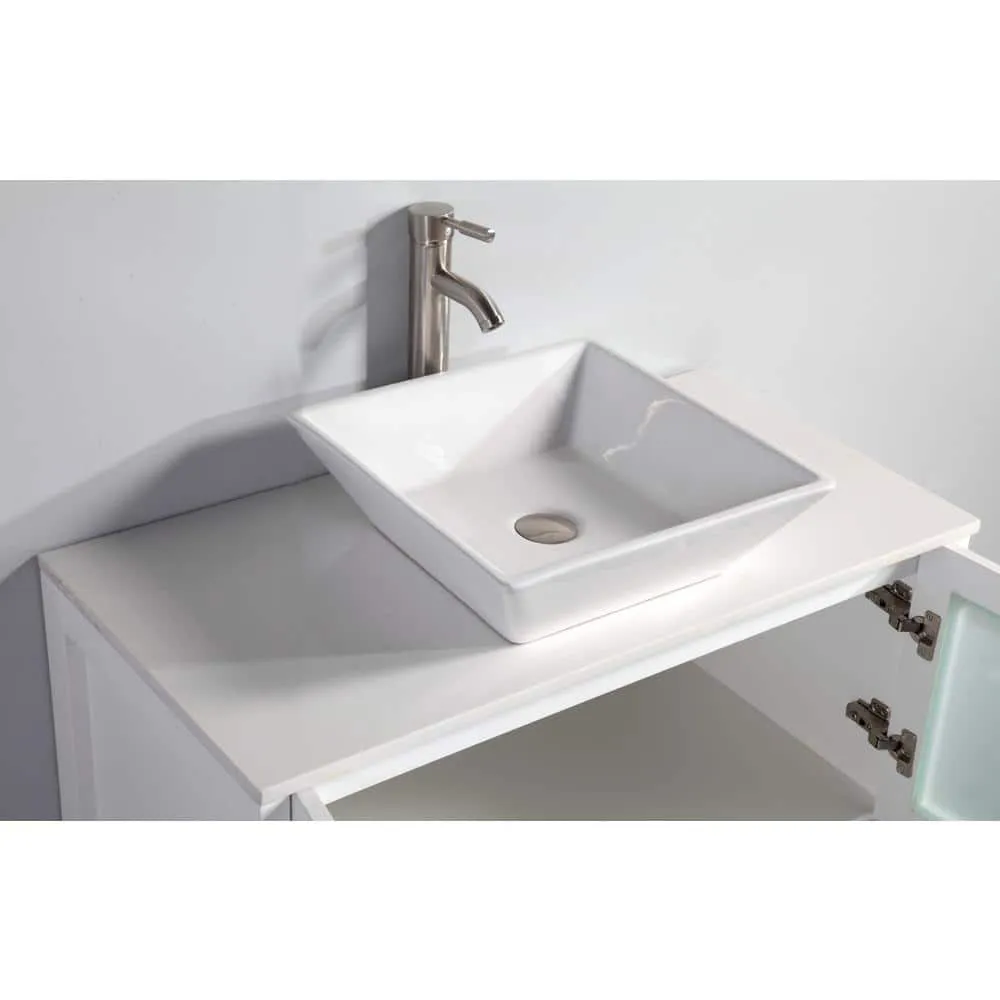 Vanity Art Ravenna 30 in. W Bathroom Vanity in White with Single Basin in White Engineered Marble Top and Mirror, photo 4 of 5
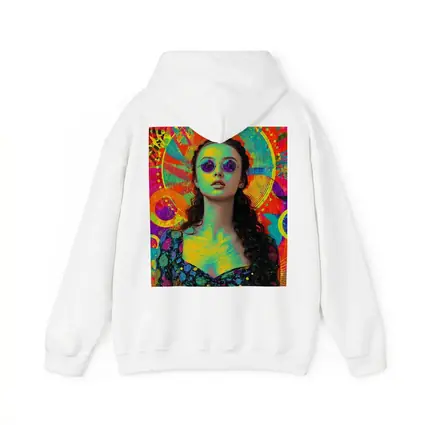 Psychedelic Woman Portrait Colorful Abstract Background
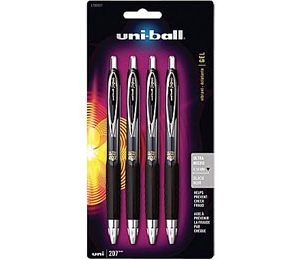 uni-ball 207 RT Retractable Gel Pens, Ultra Micro Point 0.38mm, Black - 4 Pack
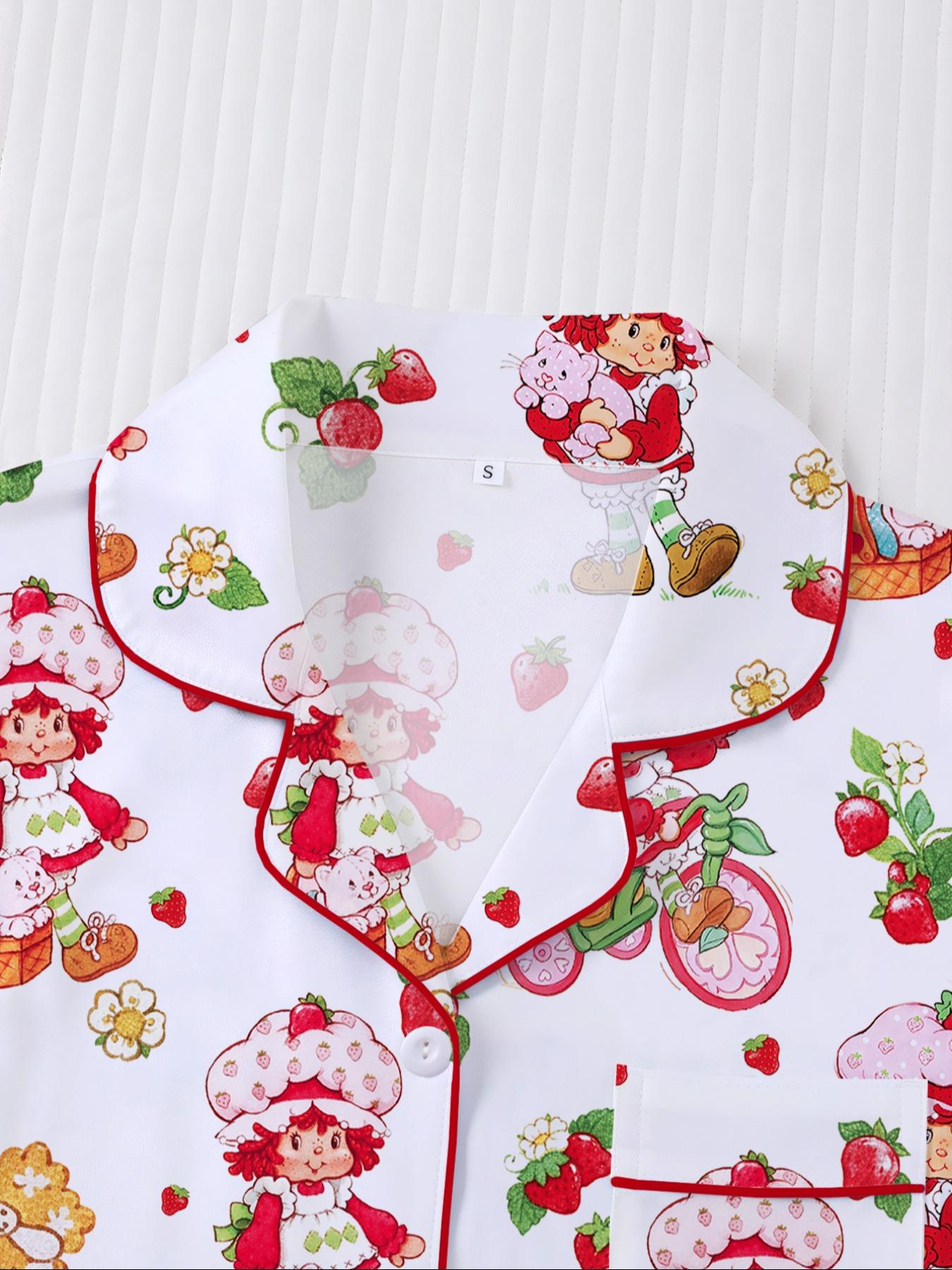 Women's Strawberry Cartoon Print Sleepwear Set, Short Sleeve Button-Up Top & Elastic Shorts, Casual Home Wear for Daily Use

******

- Exercise aim
Excluding pictures, copy exactly the lines from the line containing "uni-ball 207 RT" through the last line of the data, inclusive.

- Task output
 uni-ball 207 RT Retractable Gel Pens, Ultra Micro Point 0.38mm, Black - 4 Pack
 Women's Strawberry Cartoon Print Sleepwear Set, Short Sleeve Button-Up Top & Elastic Shorts, Casual Home Wear for Daily Use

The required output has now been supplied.